We used 1 milliliter pipettes which fit into the bullet casings to spin-down a "cell pellet"
in a pleural fluid sample however a "virtual tube" of cellophane will also work .

This project was supported in part by the Center for Parabiotics Research.
Project team members: R Siderits, J Jaworski, W Lecorchick, O Ouattara

Step 1: Finished Prototype

Here is an image of the completed centrifuge. We chose to place the motor, arms, and buckets on the outside of this cookie tin for demonstration purposes. You may choose a larger coffee tin or better yet, a 12" diameter, 2-3 inch deep cookie tin to place it inside.

Use the lid of the cookie tin to completely cover the centrifuge for safety.

The knob on the front of this image is the DC motor control.
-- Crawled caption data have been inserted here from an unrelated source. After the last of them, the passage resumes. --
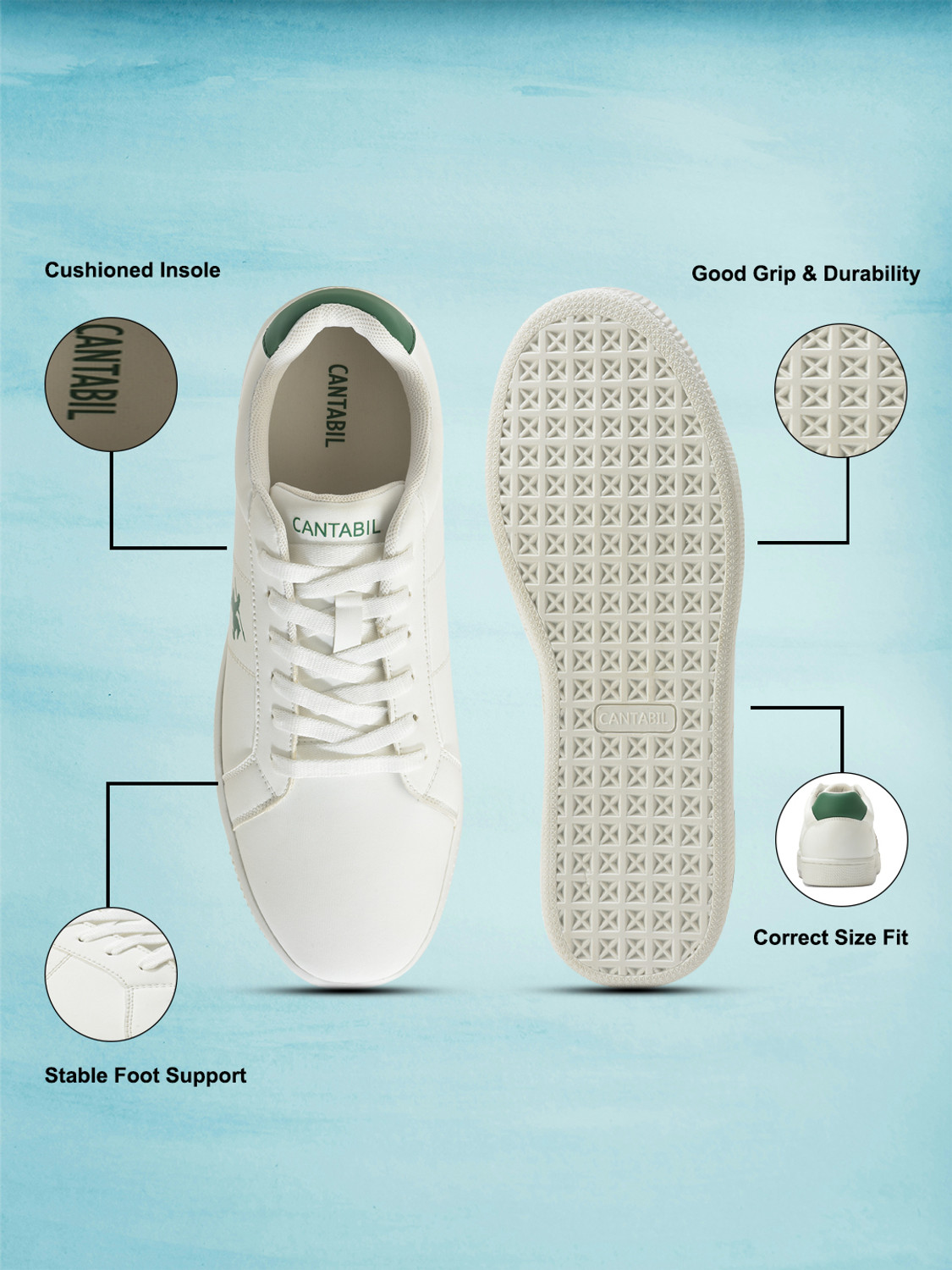 Image of CANTABIL Cantabil Sneaker Shoes for Men l Lightweight & Comfortable with Cushioned Insole Sneakers For Men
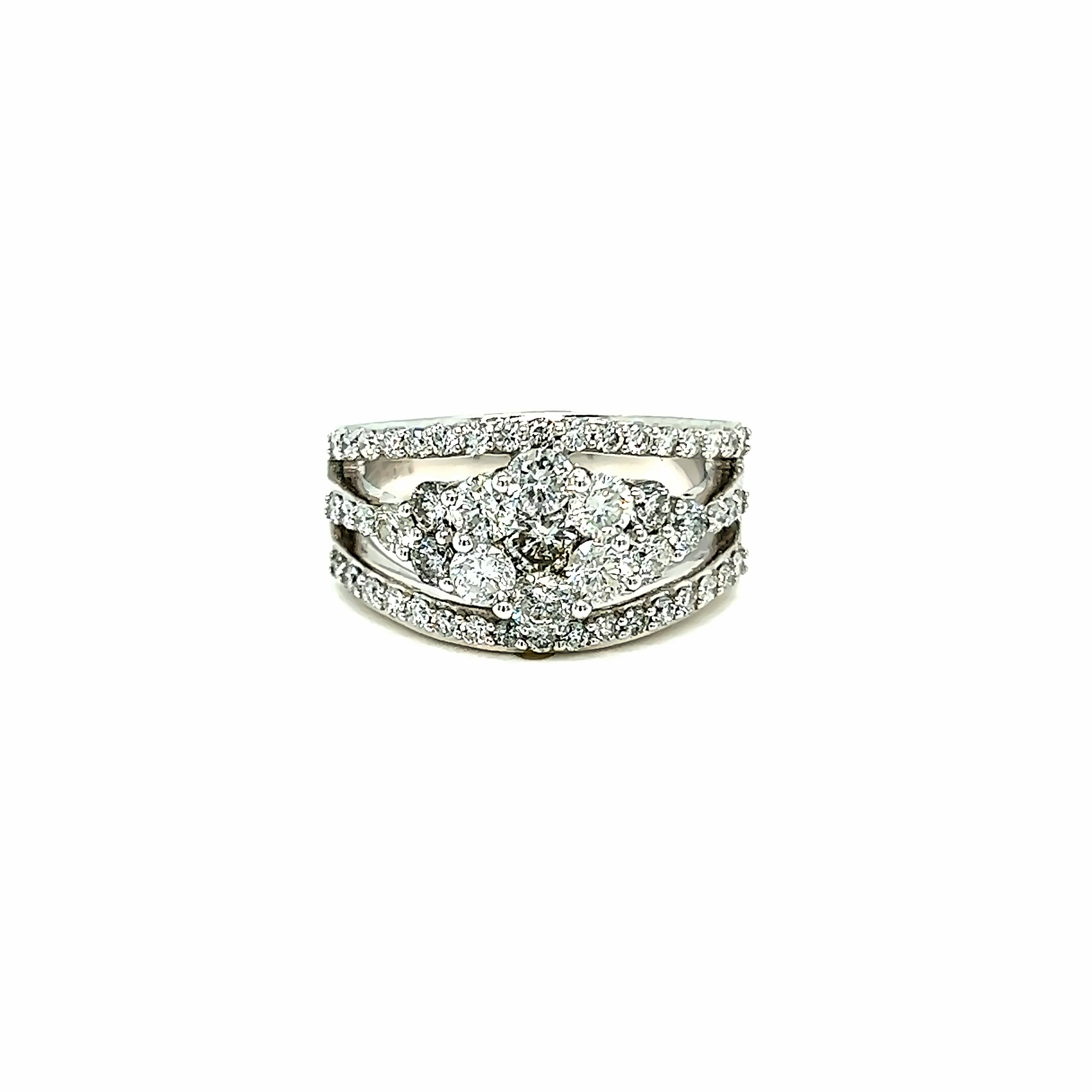 White 14 Karat Flower Fashion Ring with 53=1.59tw Round Brilliant G I Diamonds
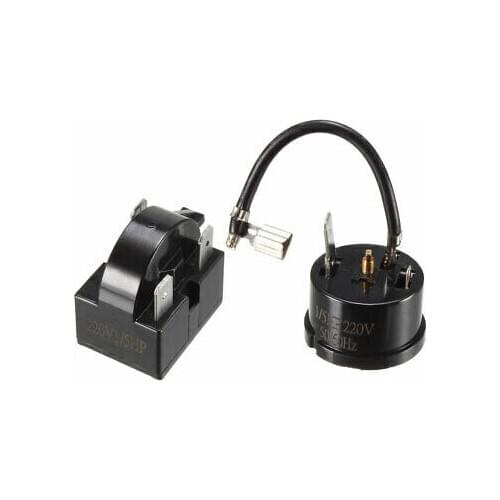 Refrigerator PTC Starter Relay 15 Ohm 3 Pin + Compressor Overload Protector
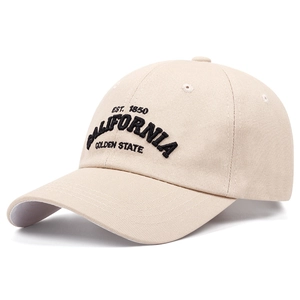 Classic beige cotton baseball cap with vintage California Golden State 3D embroidery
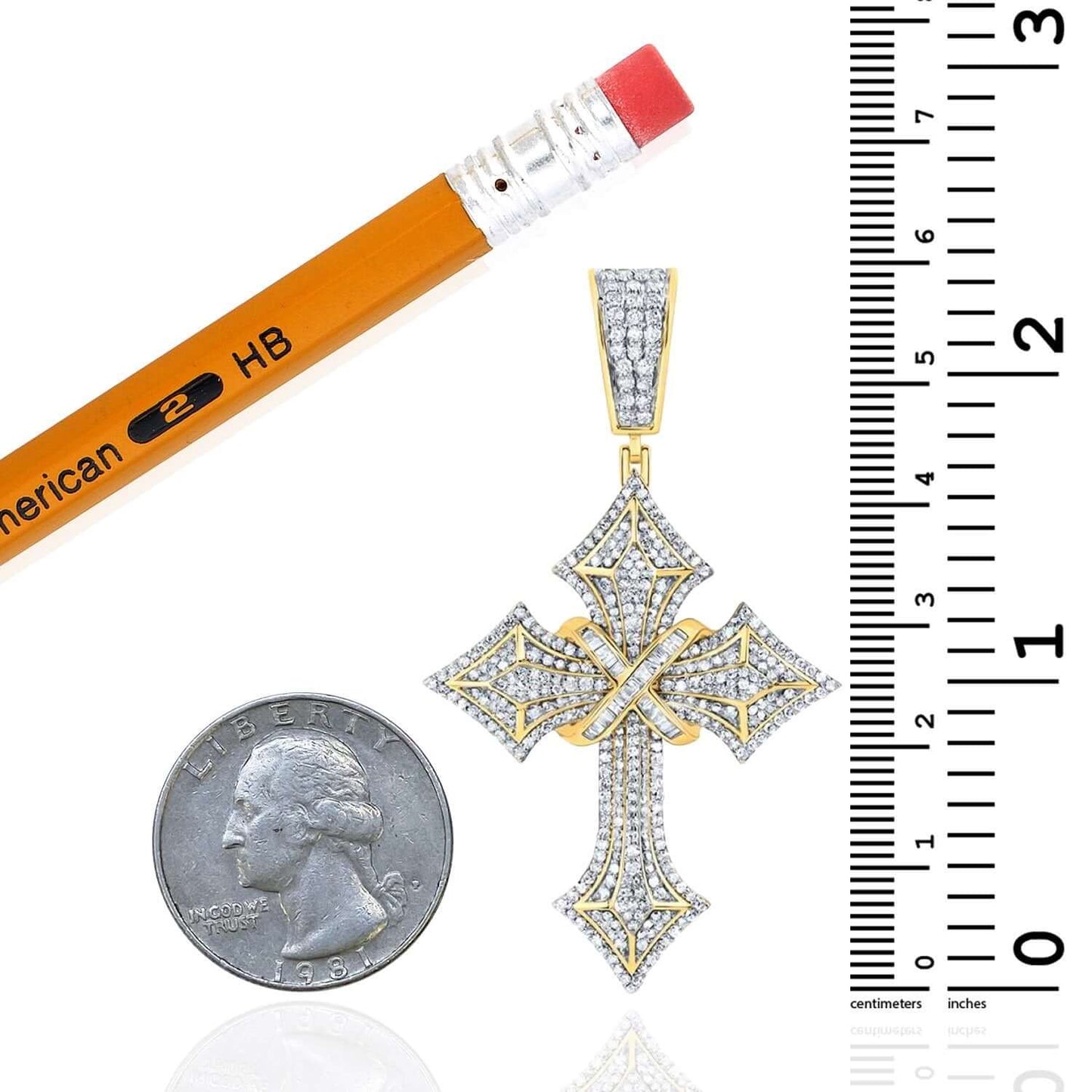 1.75CTW Natural Diamond 10K Gold Pave Cross Pendant 2.4"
We used a two part plastic and a bottle cap as a mold for both the rotor head (center) and the speed controller knob.

Step 2: Parts

Here is a list of the parts that we used.
Start with a DC 12-24 Volt flat mount motor
Find a DC motor speed controller (or circuit)
Get a large coffee-can or cookie-tin (12" diameter)
Two 9 Volt batteries
Two paper clips
Two or more bullet casings to serve as "buckets"
Hammer, wood, nail, pointed "needle nose" pliers
Total project time is about 30 minutes

This will run on one 9 volt battery; however, two batteries in series or a 12 volt DC supply will really spin things up to full speed. The paper clips need to be sturdy. The bends and relative looseness help to absorb and distribute imbalances and thereby serve to dampen vibration or precession.
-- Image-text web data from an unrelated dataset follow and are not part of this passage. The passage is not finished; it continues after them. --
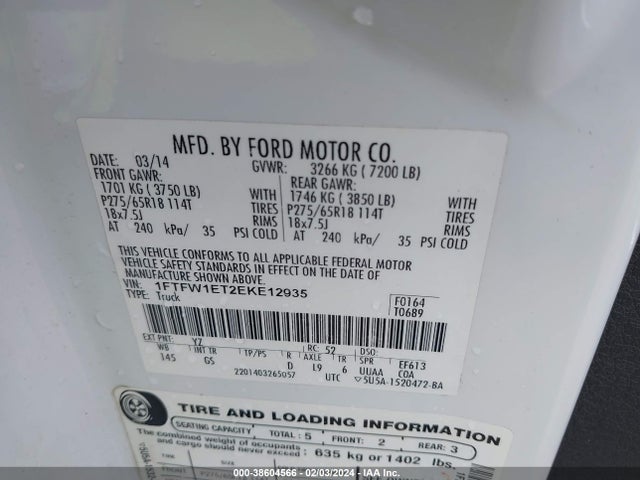 Ford F-150 Xlt 2014 1FTFW1ET2EKE12935 Image 9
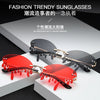 New personalised rimless sunglasses male Europe and the United States prom weird trend of irregular tears sunglasses female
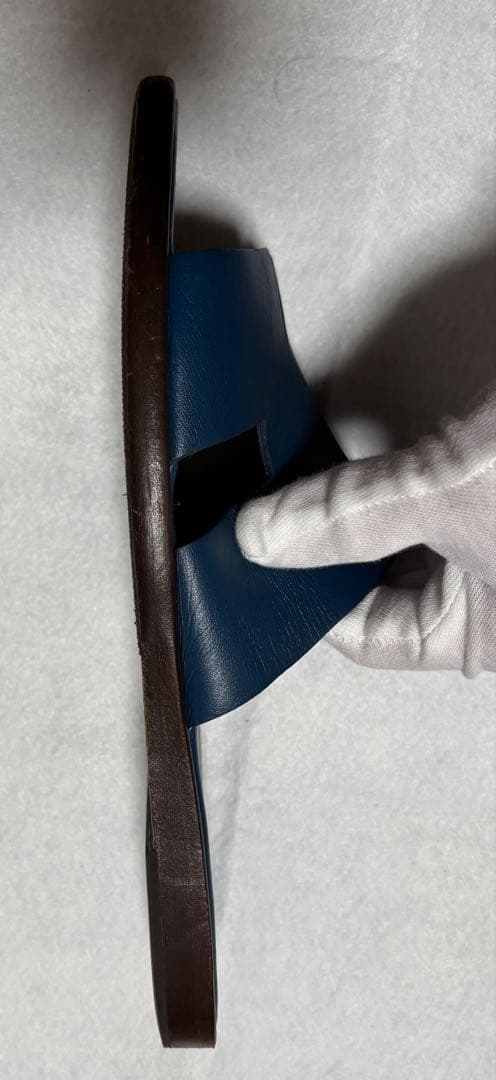 値下げ　HERMES エルメス イズミール メンズサンダル ネイビー 紺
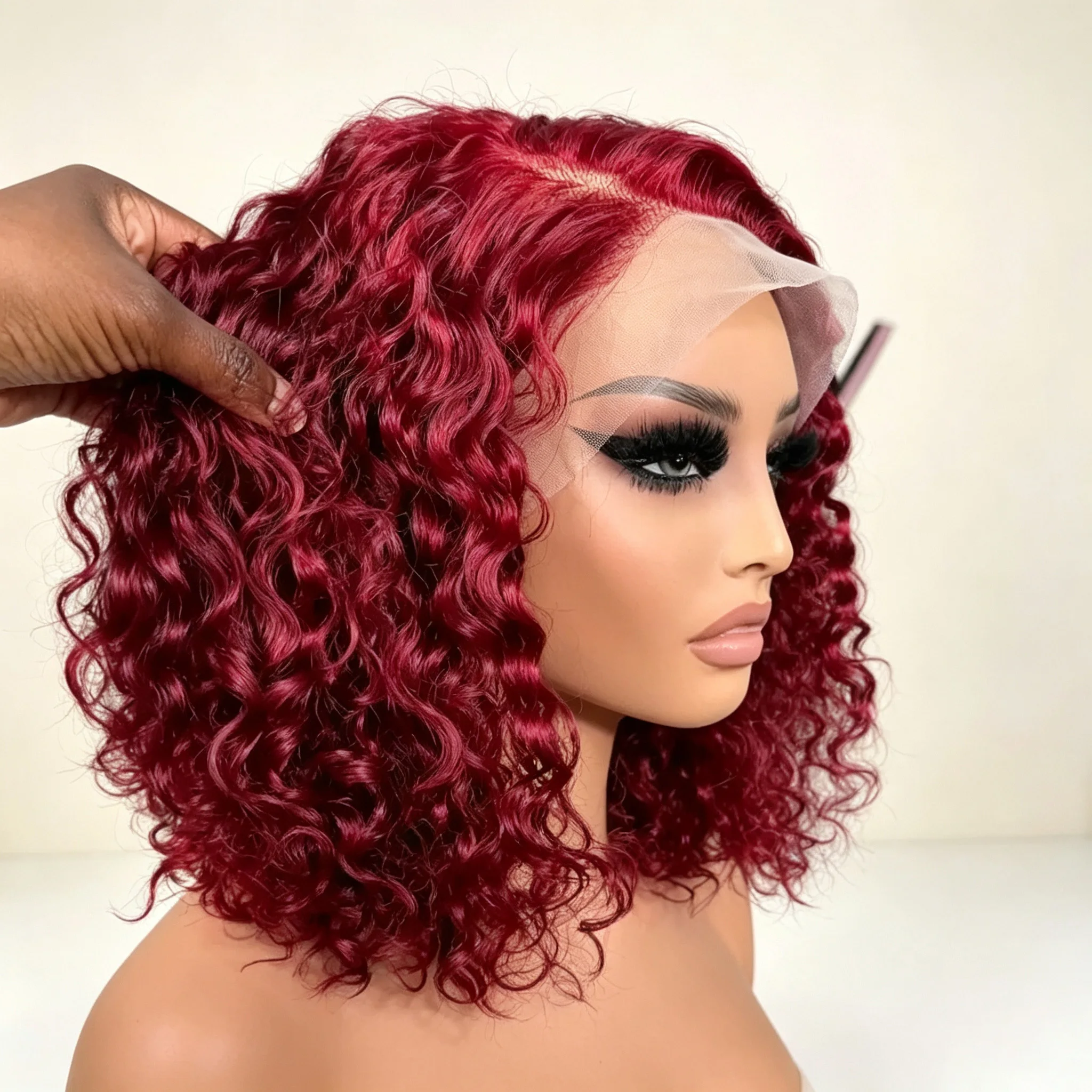 13x4 HD Transparent Lace Wigs Human Hair Remy Hair 200 Density 12 Inch Water Wave Bob Wig 99J Burgundy Curly Water Wave Bob Wigs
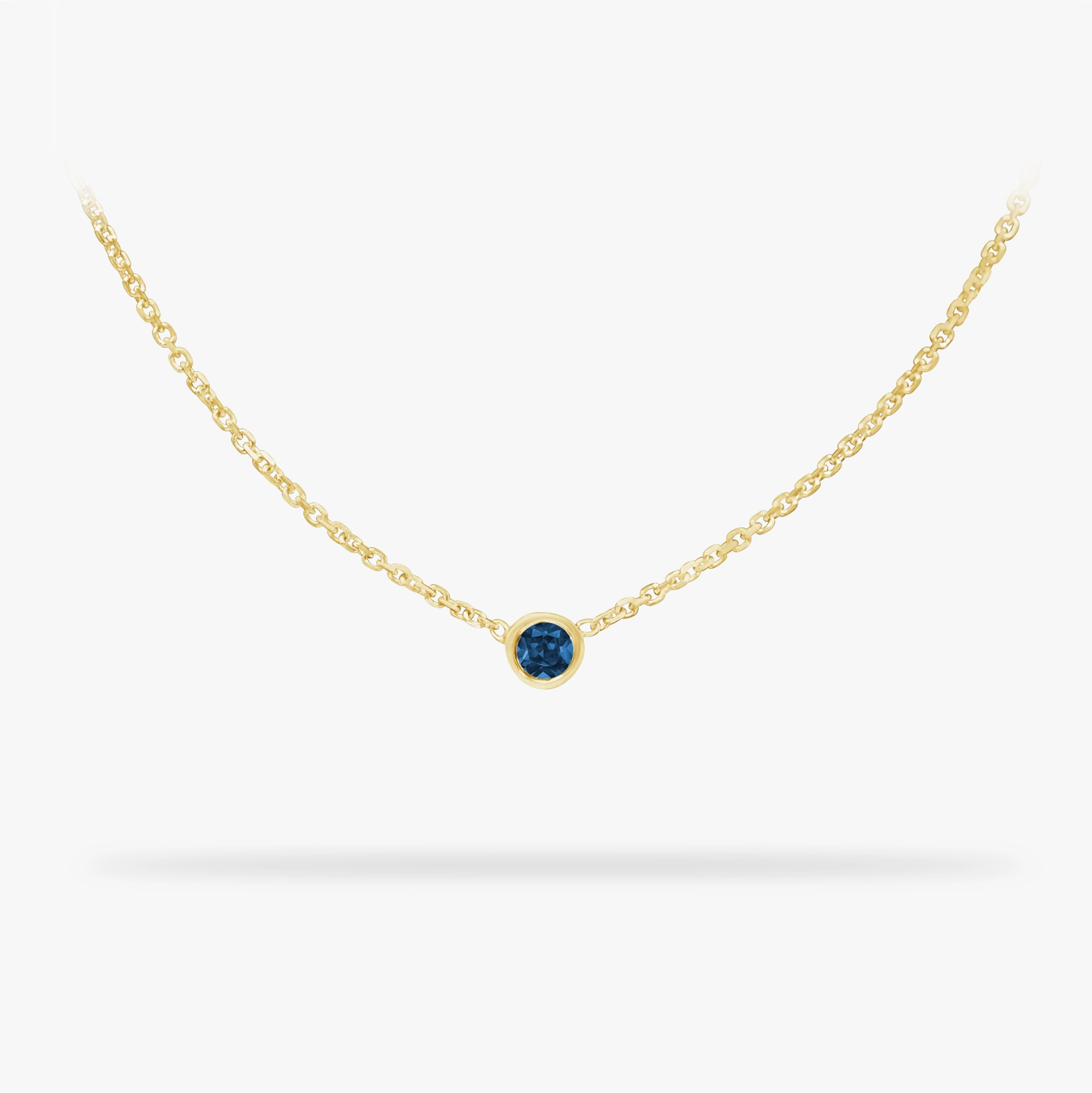 Timeless Wardrobe Birthstone Necklace September- Sapphire 14K Gold Necklace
We have included sources for these parts as well as a circuit diagram for the DC motor controller.

Step 3: A Look Inside

These two images look into the cookie tin. The lower half holds the motor speed controller. We drilled a hole in the side of the cookie tin to let the shaft of the controller through and then put the nut on the outside to hold it in place.

The knob is formed from two part plastic (or epoxy, or JB weld) in a bottle cap.

The under surface of the lid shows the wires from the controller going up to the motor.

The motor is set in a hole in a piece of wood and has four small screws holding it to the lid.

Step 4: Computer Model of Prototype

This computer model was done in trueSpace 6.6 by Caligari corporation.

This model with the "Physics" simulation helped us develop the curves at the end of the paperclips and the placement of the hole in the bullet casing.

Step 5: The Rotor Head

These images show a close-up of the rotor head and the paper clips. A line drawn on a piece of paper that corresponds to the shape of the bends in the paper clips will assure that both are identical. We used needle-nosed pliers to bend the paper clips into this shape. The paper clips are set into the holes in the rotor head, not glued. As a matter of fact, there is no glue in this project.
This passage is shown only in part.